For example, when the temperatures of the areas of the processing
chamber 251 are controlled so that the temperature of the upper
area becomes higher than the temperature of the lower area, an
upward air flow is intentionally generated. As a result, a
sublimate or the like that is produced from the wafer W can be
securely exhausted to the outside (through for example the exhaust
opening 258) without adversely affecting the wafer W. According to
the embodiment, the wall portion of the outer periphery of the
processing chamber 251 is controlled. Of course, the upper and
lower wall portions can be controlled.
[0075] FIG. 11 is a front sectional view showing the low oxygen
high temperature heating process apparatus (DLB) as the second
heating apparatus. FIG. 12 is a partial plan view showing the low
oxygen high temperature heating process apparatus (DLB). The low
oxygen high temperature heating process apparatus (DLB) is
different from the forgoing low oxygen heating temperature
regulating process apparatus (MHC) except that the former does not
have the cooling mechanism of the plate 252 and the arm 223. The
low oxygen high temperature heating process apparatus (DLB) is an
apparatus that performs a heating process for a non-foaming
insulation film material or a foaming insulation film material that
is coated on a wafer W.
[0076] In a processing chamber 351 of the low oxygen high
temperature heating process apparatus (DLB), a plate 352 used to
perform a heating process for a wafer W at for example 200 to
800.degree. C. is disposed. The plate 352 is made of the same
material as a wafer W. When a wafer W is made of silicon, the plate
352 is also made of silicon. As a result, when a heating process is
performed for a wafer W, a heat reflection between the wafer W and
the plate 352 can be suppressed. Thus, in the heating process that
will be described later, the temperature of the wafer W can be
accurately estimated. The volume of the plate 352 is almost equal
to the volume of the wafer W. Thus, the heat capacity applied to
the plate 352 can be accurately calculated for controlling the
temperature. However, the volume of the plate 352 may be different
from the volume of the wafer W. For example, the volume of the
plate 352 may be a multiple of the volume of the wafer W. Of
course, as long as the temperature of the plate 352 can easily be
controlled, the volume thereof can be changed.

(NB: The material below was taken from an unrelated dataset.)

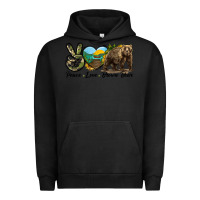 Pigment Black Peace Love Brown Bear Urban Hoodie - LillyAllenDesigns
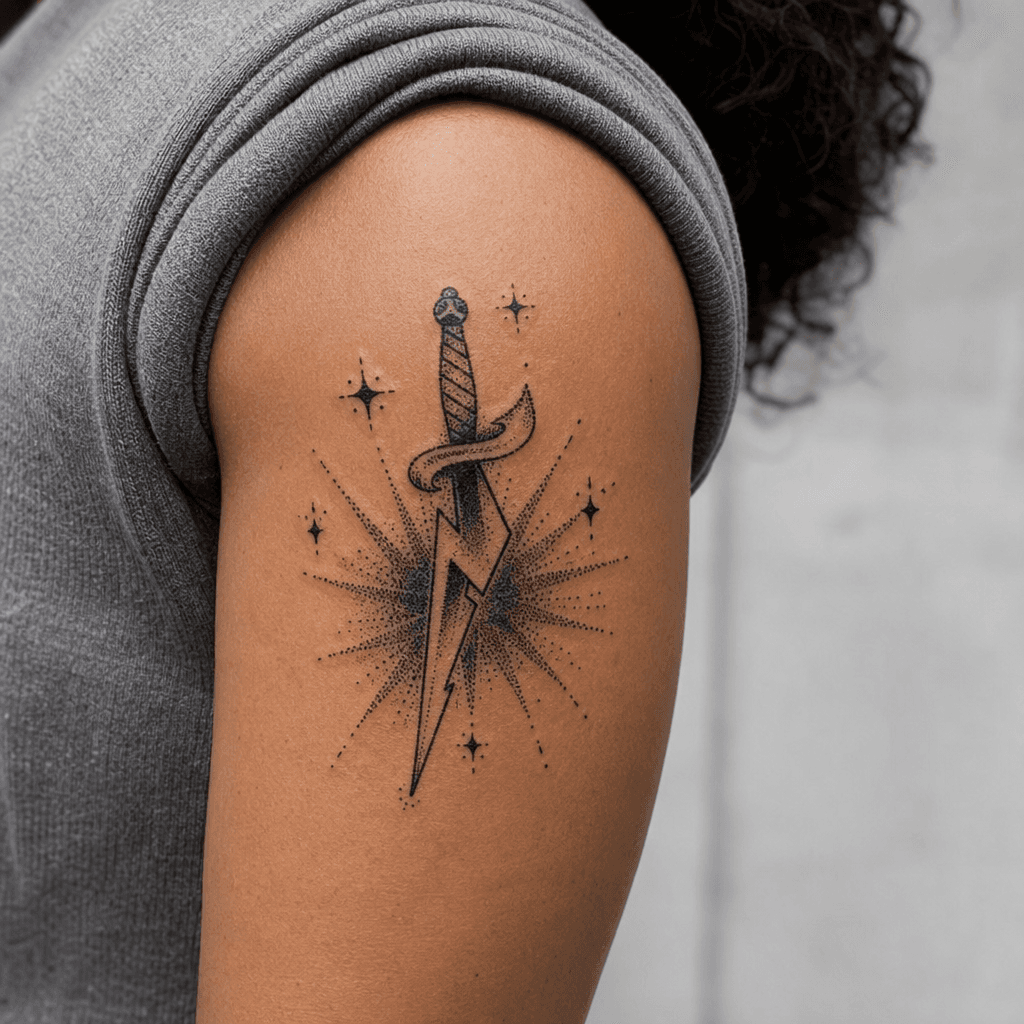 idée tatouage flash flash dotwork pointillé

[0077] The plate 352 is peripherally divided into three areas R1 to
R3. For each of the divided three areas R1 to R3, the temperature
control is performed. In other words, heaters H1 to H3 are
concentrically buried in the areas R1 to R3 of the plate 352,
respectively. In addition, temperature detecting devices D1 to D3
are buried in the areas R1 to R3 of the plate 352, respectively. As
the heating means, an infrared ray or the like can be used instead
of heaters.
[0078] At a lower portion of the processing chamber 351, a N.sub.2
supply opening 355 is disposed. The N.sub.2 supply opening 355
discharges N.sub.2 gas supplied from an N.sub.2 source 354 into the
processing chamber 351. A pipe 356 is connected between the N.sub.2
source 354 and the N.sub.2 supply opening 355. A valve 357 is
disposed on the pipe 356. The valve 357 adjusts the discharge
amount of the N.sub.2 supply opening 355. Alternatively, a means
for heating and cooling N.sub.2 gas may be disposed on the pipe 356
so as to adaptively control the temperature of the N.sub.2 gas.
[0079] In addition, at an upper portion of the processing chamber
351, an exhaust opening 358 is disposed. The exhaust opening 258
deaerates the processing chamber 351 by the vacuum exhaust method.

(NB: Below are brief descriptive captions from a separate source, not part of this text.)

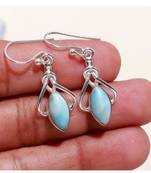 Natural larimar dangle earrings | 925 sterling silver handmade jewelry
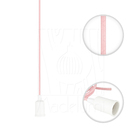 Pendente Lustre Luminária Cascata 6 Cabo Madeira Cr Rosa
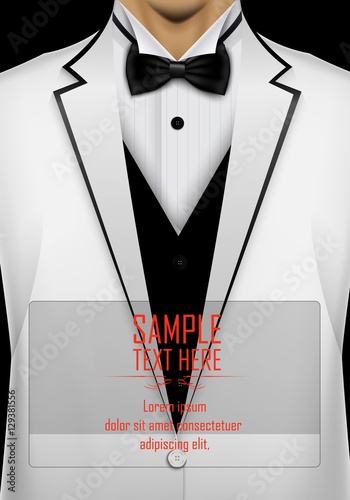 White tuxedo with black bow tie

A vacuum pump 358 is connected to the exhaust opening 359 through a
pipe 360.
[0080] A controlling portion 361 estimates the temperature of the
heating process for the wafer W corresponding to the detected
results of the temperature detecting devices D1 to D3.

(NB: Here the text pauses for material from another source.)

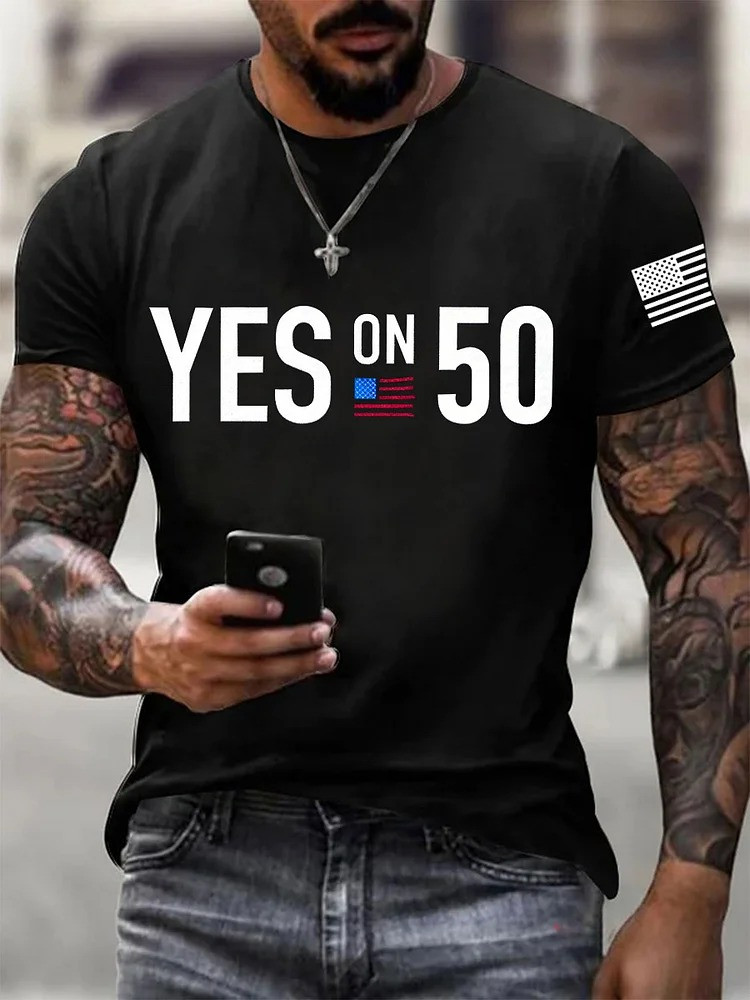 Yes On 50 T-Shirt USA Flag Shirt No Kings Protest Merch Gifts For Liberal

Corresponding to the estimated temperature, the controlling portion
361 controls powers supplied to the heaters H1 to H3 so that the
temperatures of the areas R1 to R3 become predetermined
temperatures. When necessary, the controlling portion 361 controls
the discharging amount of the N.sub.2 gas and the degree of vacuum
of the chamber.
[0081] A plurality of holes 362, for example three, concentrically
pierces the plate 352. Support pins 362 that support a wafer W are
inserted into the holes 363 so that the support pins 263 can lift
up and down through the holes 262. The support pins 363 are
integrally connected to a connecting member 364 disposed on the
rear surface of the plate 352. The connecting member 364 is lifted
up and down with a lifting cylinder 365 disposed below the
connecting member 264. The lifting cylinder 365 causes the support
pins 363 to protrude and recess from the front surface of the plate
352.
[0082] An opening portion 366 is disposed on the front surface of
the processing chamber 351. Through the opening portion 366, a
wafer W is transferred with the first transfer mechanism 50. The
opening portion 367 can be closed with a shutter member 367. When
the opening portion 367 is closed with the shutter member 367, the
interior of the processing chamber 351 can be air-tightly closed
and effectively deaerated.
[0083] A wall portion 368 that composes the processing chamber 351
and that surrounds an area R including the plate 352 has a
temperature regulating mechanism 369 that adjusts the temperature
of the area R. The temperature regulating mechanism 369 is composed
of a heater 370 and a cooling pipe 371 that are buried in the wall
portion 368. The controlling portion 361 controls the power
supplied to the heater 370 and the temperature and amount of
cooling water supplied to the cooling pipe 371. The temperature
regulating mechanism 369 allows the temperature of the processing
chamber 351 to be accurately controlled. When the wall portion 368
is vertically divided into for example three areas R4 to R6 and
they are separately controlled by the temperature regulating
mechanism 369, not only the temperature, but the air flow in the
processing chamber 351 can be controlled. For example, when the
temperatures of the areas of the processing chamber 251 are
controlled so that the temperature of the upper area becomes higher
than the temperature of the lower area, an upward air flow is
intentionally generated. As a result, a sublimate or the like that
is produced from the wafer W can be securely exhausted to the
outside (through for example the exhaust opening 358) without
adversely affecting the wafer W. According to the embodiment, the
wall portion of the outer periphery of the processing chamber 351
is controlled. Of course, the upper and lower wall portions can be
controlled.
[0084] Next, with reference to FIGS. 5A, 5B, 5C, 5D, and 6, a
fabrication method for an insulation film composed of a laminate of
a semiconductor device using the foregoing film forming apparatus
will be described. FIGS. 5A to 5D are schematic diagrams explaining
fabrication processes for a semiconductor device. FIG. 6 is a flow
chart showing fabrication processes for an insulation film of a
laminate film using the foregoing film forming apparatus.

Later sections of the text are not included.